Dans une collection faisant référence à l'ouvrage «
Lumières pour enfants » de
Walter Benjamin, « … il y a une règle du jeu, qui est que les orateurs s'adressent effectivement aux enfants, et qu'ils le fassent hors des sentiers battus, dans un mouvement d'amitié traversant les génération ».
Le Moyen Age, notre rapport généalogique et ses dimensions niaises, les enluminures, « Ce petit peuple des marges, se prêtant à des révoltes minuscules, forme comme la bande-son du Moyen Age », les juvenes, une classe d'age très particulière. Une longue adolescence ? interroge l'auteur, « cet entretemps est essentiel dans l'imaginaire de la chevalerie », les tournois, les simulacres de combat et leur ritualisation, les fils contre les pères et la question des filiations…
Des croisades, une « croisade des enfants », enfants et pueri, plus tard la « croisade des pastoureaux », que disent ou ne disent pas ces termes ? – pauvres, menus, humbles, paysans… Pour la seconde, il s'agit donc d'une révolte paysanne.
Patrick Boucheron analyse, entre autres, les constructions historiennes de la société médiévale, la place des châteaux et des églises, l'espace médiéval, la double aristocratie de la guerre et de la prière, la ville à l'ombre des tours, l'obéissance au seigneur et à Dieu…
Les historien-ne-s et leur travail, « décevoir l'imagination », la science du changement social, enseigner « des valeurs d'émancipation et non de résignation », les temps se terminent toujours… Dans les contes, légendes, romans, dans les fictions, « une autre histoire s'y dévoile, énergique et gaie ». L'écriture invention, la reformulation, des historiens du XIXème siècle. Des héros inventés ou réinventés, Ivanhoé, Robin des Bois, les ermites, les déserts, les romans de chevalerie, le monde tenu serré et cette « sorte de révolte contre la promiscuité », l'installation en forêt comme transgression, les significations symboliques des couleurs, le climat diffus de banditisme social, le nom d'une construction mythologique, une bifurcation de l'histoire…
L'auteur souligne les « nombreuses révoltes de paysans et d'artisans, qui s'enchaînaient en un véritable cycle de rébellion », la place des changements de conjoncture, le « tour antifiscal », l'imaginaire des révoltes.

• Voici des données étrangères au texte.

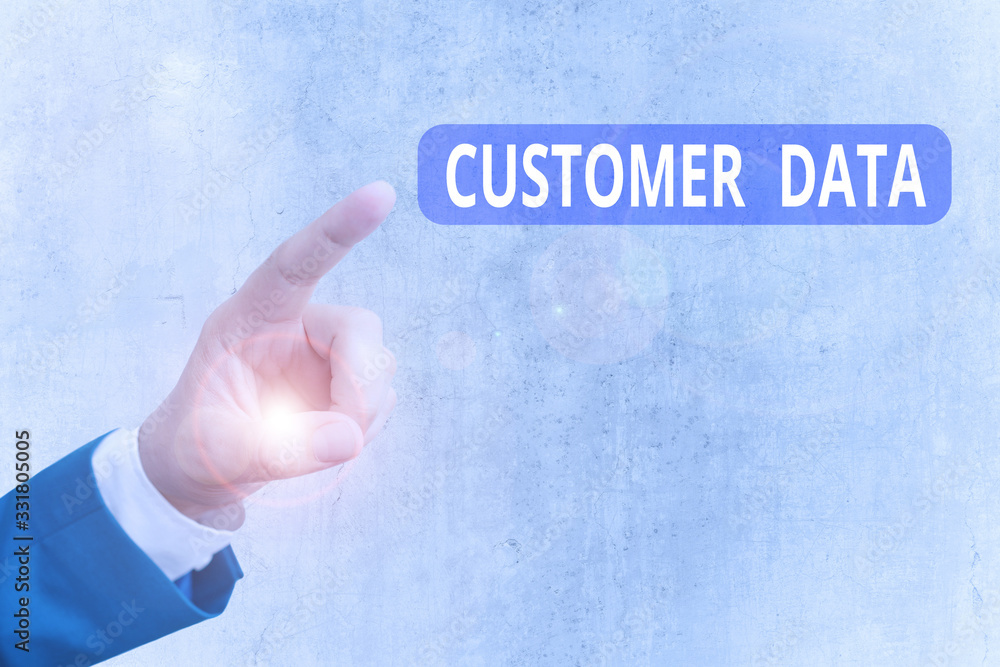Poster writing note showing customer data. business concept for all records and information pertaining to a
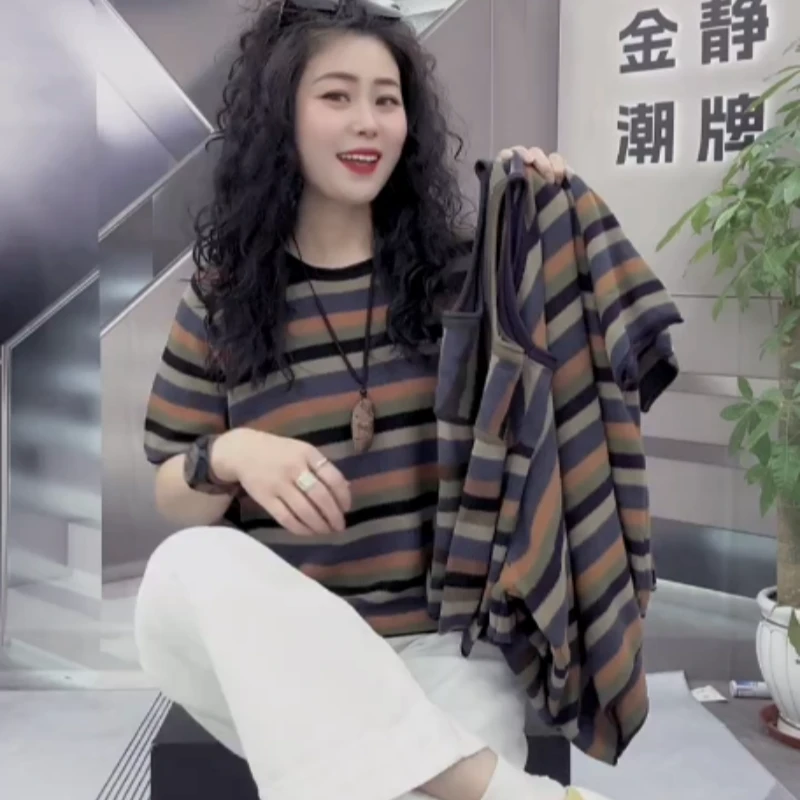 欧货夏季新款女士复古彩色条纹T恤大码胖MM时尚减龄休闲短袖上衣
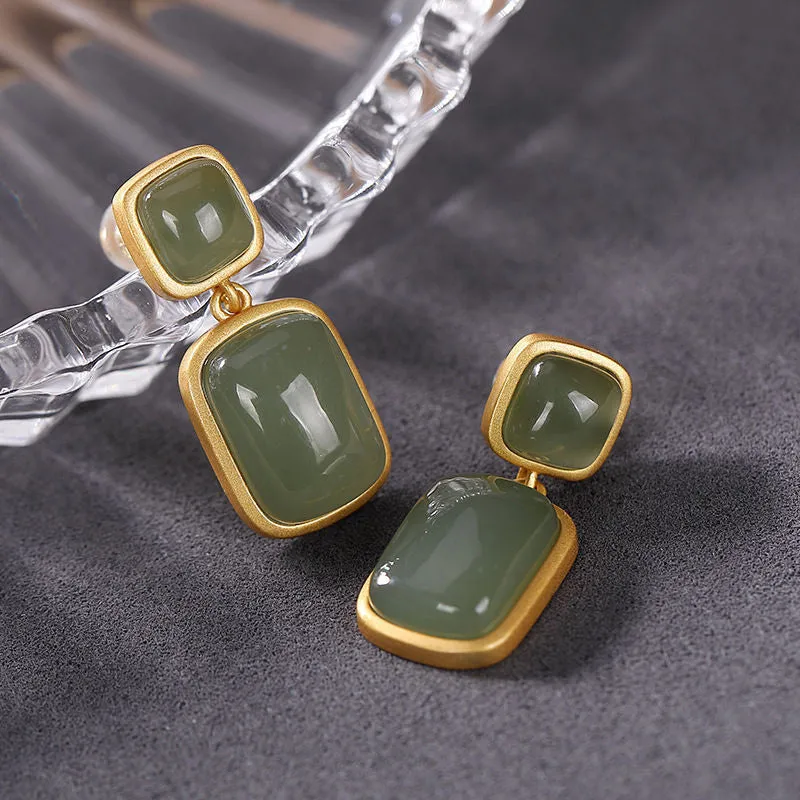 Natural Hotan Green or White Inlaid Drop Jade Earrings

Il revient sur les archives, « Elles ne nous disent rien par elles-mêmes, c'est à nous de les faire parler, mais il faut pour cela s'approcher d'elles, se pencher, prêter l'oreille, se montrer attentif au faible bruit », l'histoire des vainqueurs, la révolte comme émotion collective, les rassemblements, les mots qui disent et ne disent rien, la nécessité d'interpréter « les silences de nos sources ou le mépris social de ceux qui les écrivent », les silences qui trahissent, les révoltes encore et toujours et l'histoire comme « art de l'émancipation ».
Dans une seconde partie, Questions/Réponses,
Patrick Boucheron parle, entre autres, de pirates, de la Saint-Barthélemy, de massacre « assassinat en masse de civils désarmés », de dérèglement, de haine sociale, de révoltes de femmes (la place des femmes n'est pas prise en compte dans tous les moments des analyses), de ce que nous ne savons pas des émotions réellement ressenties, des formes d'action violente contre l'ordre social, de délégitimation, de justice et d'injustice, de conspiration et de conjuration, d'une autre histoire possible, des possibilités ouvertes, de futurs non advenus, de contestation et de défection…
Le titre de cette note est emprunté à
Raymond Queneau cité par l'auteur.
Un livre d'histoire et donc sur l'histoire et son écriture. Il n'est pas besoin d'être un-e enfant pour en déguster, avec comme une naïveté nécessaire, les éléments, les analyses et la révolte sourde – mais point aveugle – que l'on devrait partager avec l'auteur, les lecteurs et les lectrices.